> DIRECTIONS
Only one stretch of the data below is wanted: the lines starting at the one with "Fechas, información, programa, cartel, imágenes, mapa" and ending at the one with "Source Naturals Policosanol", both included, given again exactly.

> EXERCISE INPUTS
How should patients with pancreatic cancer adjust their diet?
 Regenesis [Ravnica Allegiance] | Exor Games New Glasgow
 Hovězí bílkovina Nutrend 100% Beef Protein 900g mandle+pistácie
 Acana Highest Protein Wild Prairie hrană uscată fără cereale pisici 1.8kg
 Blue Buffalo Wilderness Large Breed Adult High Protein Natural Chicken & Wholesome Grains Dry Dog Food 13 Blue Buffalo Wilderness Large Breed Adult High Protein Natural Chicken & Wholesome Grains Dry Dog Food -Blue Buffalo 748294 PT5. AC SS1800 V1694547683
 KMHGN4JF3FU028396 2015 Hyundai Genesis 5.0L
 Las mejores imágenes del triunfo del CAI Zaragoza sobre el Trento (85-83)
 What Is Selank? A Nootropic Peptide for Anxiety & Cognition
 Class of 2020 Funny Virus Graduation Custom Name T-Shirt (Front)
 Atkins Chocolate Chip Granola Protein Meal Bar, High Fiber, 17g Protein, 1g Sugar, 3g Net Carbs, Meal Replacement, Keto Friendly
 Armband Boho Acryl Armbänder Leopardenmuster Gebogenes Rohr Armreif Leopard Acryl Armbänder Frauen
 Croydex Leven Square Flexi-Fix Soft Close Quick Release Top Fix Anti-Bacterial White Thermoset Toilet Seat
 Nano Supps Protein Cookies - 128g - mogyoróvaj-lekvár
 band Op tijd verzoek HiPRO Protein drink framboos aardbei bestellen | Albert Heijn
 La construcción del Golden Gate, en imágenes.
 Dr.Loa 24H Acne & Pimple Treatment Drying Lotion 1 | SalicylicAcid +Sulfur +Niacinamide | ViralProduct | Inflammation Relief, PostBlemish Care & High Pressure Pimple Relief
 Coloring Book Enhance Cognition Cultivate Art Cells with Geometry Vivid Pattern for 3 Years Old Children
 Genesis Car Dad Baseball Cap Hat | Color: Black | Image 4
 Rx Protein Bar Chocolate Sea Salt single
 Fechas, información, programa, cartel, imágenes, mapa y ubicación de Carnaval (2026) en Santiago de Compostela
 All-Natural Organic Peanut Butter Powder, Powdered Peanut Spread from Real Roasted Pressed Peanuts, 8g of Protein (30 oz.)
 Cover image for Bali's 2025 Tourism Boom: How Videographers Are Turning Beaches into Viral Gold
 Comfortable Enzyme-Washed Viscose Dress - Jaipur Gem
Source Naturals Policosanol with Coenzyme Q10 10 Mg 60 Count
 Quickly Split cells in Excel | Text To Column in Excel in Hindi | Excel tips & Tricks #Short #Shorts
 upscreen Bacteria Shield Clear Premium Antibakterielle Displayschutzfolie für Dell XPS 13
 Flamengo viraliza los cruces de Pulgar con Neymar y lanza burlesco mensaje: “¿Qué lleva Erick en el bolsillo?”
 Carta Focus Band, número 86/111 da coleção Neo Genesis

> OUTPUT FOR THIS TASK
 Fechas, información, programa, cartel, imágenes, mapa y ubicación de Carnaval (2026) en Santiago de Compostela
 All-Natural Organic Peanut Butter Powder, Powdered Peanut Spread from Real Roasted Pressed Peanuts, 8g of Protein (30 oz.)
 Cover image for Bali's 2025 Tourism Boom: How Videographers Are Turning Beaches into Viral Gold
 Comfortable Enzyme-Washed Viscose Dress - Jaipur Gem
Source Naturals Policosanol with Coenzyme Q10 10 Mg 60 Count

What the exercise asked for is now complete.